Items from a data source
────────────────────────────────────────

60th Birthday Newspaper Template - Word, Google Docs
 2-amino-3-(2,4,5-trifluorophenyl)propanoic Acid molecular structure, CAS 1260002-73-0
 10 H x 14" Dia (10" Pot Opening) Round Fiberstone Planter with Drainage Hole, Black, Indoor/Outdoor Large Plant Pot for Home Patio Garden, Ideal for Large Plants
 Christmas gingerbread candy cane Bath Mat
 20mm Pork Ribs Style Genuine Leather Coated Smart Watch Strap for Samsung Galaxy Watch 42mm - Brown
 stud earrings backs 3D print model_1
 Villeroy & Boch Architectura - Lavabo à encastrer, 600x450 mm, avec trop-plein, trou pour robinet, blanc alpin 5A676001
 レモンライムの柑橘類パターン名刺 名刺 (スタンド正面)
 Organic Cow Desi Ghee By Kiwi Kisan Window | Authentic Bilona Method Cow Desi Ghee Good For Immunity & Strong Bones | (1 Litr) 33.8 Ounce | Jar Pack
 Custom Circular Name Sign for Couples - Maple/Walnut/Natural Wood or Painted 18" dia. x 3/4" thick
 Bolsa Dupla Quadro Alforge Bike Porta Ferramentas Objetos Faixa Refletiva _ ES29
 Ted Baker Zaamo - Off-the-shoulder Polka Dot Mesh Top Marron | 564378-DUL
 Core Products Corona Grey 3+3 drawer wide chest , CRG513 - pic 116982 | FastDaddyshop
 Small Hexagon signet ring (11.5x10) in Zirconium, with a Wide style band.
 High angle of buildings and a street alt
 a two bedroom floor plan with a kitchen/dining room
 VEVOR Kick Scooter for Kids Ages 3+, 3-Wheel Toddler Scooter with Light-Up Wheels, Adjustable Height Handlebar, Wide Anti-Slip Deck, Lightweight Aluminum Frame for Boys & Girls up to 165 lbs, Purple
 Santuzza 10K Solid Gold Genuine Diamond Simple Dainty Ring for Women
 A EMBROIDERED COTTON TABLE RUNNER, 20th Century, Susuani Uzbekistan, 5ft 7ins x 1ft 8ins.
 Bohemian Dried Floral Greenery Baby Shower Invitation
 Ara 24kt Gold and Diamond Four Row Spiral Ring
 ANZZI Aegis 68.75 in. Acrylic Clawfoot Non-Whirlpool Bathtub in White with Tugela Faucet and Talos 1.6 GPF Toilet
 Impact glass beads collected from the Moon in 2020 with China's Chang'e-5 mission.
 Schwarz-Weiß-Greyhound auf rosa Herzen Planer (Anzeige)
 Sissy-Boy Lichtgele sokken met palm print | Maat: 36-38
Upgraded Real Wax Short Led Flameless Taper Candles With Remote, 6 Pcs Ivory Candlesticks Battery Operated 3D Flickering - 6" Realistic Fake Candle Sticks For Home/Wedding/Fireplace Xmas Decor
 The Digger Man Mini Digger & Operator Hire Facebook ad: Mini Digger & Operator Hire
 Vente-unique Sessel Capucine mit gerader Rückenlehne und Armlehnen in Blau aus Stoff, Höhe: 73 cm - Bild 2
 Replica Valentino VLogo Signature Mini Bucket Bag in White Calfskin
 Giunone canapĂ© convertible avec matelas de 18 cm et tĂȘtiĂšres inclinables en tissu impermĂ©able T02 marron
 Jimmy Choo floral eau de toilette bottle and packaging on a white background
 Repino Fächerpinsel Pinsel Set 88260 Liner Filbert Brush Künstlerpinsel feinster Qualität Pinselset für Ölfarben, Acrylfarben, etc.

────────────────────────────────────────

◆ EXERCISE AIM: Taking the entries above, write out exactly each line from the one holding "stud earrings backs 3D print model_1" to the one holding "Custom Circular Name", both included, and stop there.

◆ EXERCISE RESULT:
 stud earrings backs 3D print model_1
 Villeroy & Boch Architectura - Lavabo à encastrer, 600x450 mm, avec trop-plein, trou pour robinet, blanc alpin 5A676001
 レモンライムの柑橘類パターン名刺 名刺 (スタンド正面)
 Organic Cow Desi Ghee By Kiwi Kisan Window | Authentic Bilona Method Cow Desi Ghee Good For Immunity & Strong Bones | (1 Litr) 33.8 Ounce | Jar Pack
 Custom Circular Name Sign for Couples - Maple/Walnut/Natural Wood or Painted 18" dia. x 3/4" thick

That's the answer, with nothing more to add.